Проехав сотни километров по степи, Даренский почувствовал, как тоска
осилила его. Здесь никто не помышлял о наступлении, безысходным казалось
положение войск, загнанных немцами на край света...
Не во сне ли было недавнее, день и ночь не ослабевавшее штабное
напряжение, догадки о близости наступления, движение резервов, телеграммы,
шифровки, круглосуточная работа фронтового узла связи, гул идущих с севера
автомобильных и танковых колонн?
Слушая унылые разговоры артиллерийских и общевойсковых командиров,
собирая и проверяя данные о состоянии материальной части, инспектируя
артиллерийские дивизионы и батареи, глядя на угрюмые лица красноармейцев и
командиров, глядя, как медленно, лениво двигались люди по степной пыли,
Даренский постепенно подчинился монотонной тоске этих мест. Вот, думал он,
дошла Россия до верблюжьих степей, до барханных песчаных холмов и легла,
обессиленная, на недобрую землю, и уже не встать не подняться ей.
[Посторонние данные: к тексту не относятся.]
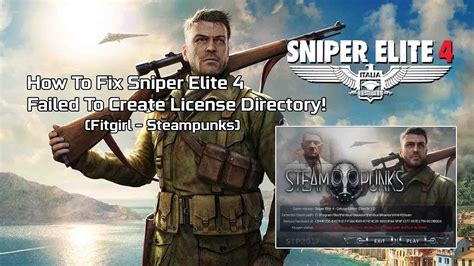 How To Fix Sniper Elite 4 Failed To Create License Directory Fitgirl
Даренский приехал в штаб армии и отправился к высокому начальству.
В просторной полутемной комнате лысеющий, с сытым лицом молодец в
гимнастерке без знаков различия играл в карты с двумя женщинами в военной
форме. Молодец и женщины с лейтенантскими кубиками не прервали игры при
входе подполковника, а лишь рассеянно оглядев его, продолжали ожесточенно
произносить:
- А козыря не хочешь? А вальта не хочешь?
Даренский выждал, пока окончится сдача, и спросил:
- Здесь размещен командующий армией?
Одна из молодых женщин ответила:
- Он уехал на правый фланг, будет только к вечеру, - она оглядела
Даренского опытным взором военнослужащей и спросила: - Вы, наверное, из
штаба фронта, товарищ подполковник?
- Так точно, - ответил Даренский и, едва заметно подмигнув, спросил: -
А, извините, члена Военного совета я могу видеть?
- Он уехал с командующим, будет только вечером, - ответила вторая
женщина и спросила: - Вы не из штаба артиллерии?
- Так точно, - ответил Даренский.
Первая, отвечавшая о командующем, показалась Даренскому особенно
интересной, хотя она, видимо, была значительно старше, чем та, что
ответила о члене Военного совета. Иногда такие женщины кажутся очень
красивыми, иногда же при случайном повороте головы вдруг становятся
увядшими, пожилыми, неинтересными. И эта, нынешняя, была из такой породы,
с прямым красивым носом, с синими недобрыми глазами, говорившими о том,
что эта женщина знает точную цену и людям и себе.
Лицо ее казалось совсем молодым, ну не дашь ей больше двадцати пяти
лет, а чуть нахмурилась, задумалась, стали видны морщинки в уголках губ и
отвисающая кожа под подбородком, - не дашь ей меньше сорока пяти. Но вот
уж ноги в хромовых по мерке сапожках действительно были хороши.
Все эти обстоятельства, о которых довольно долго рассказывать, сразу
стали ясны для опытного глаза Даренского.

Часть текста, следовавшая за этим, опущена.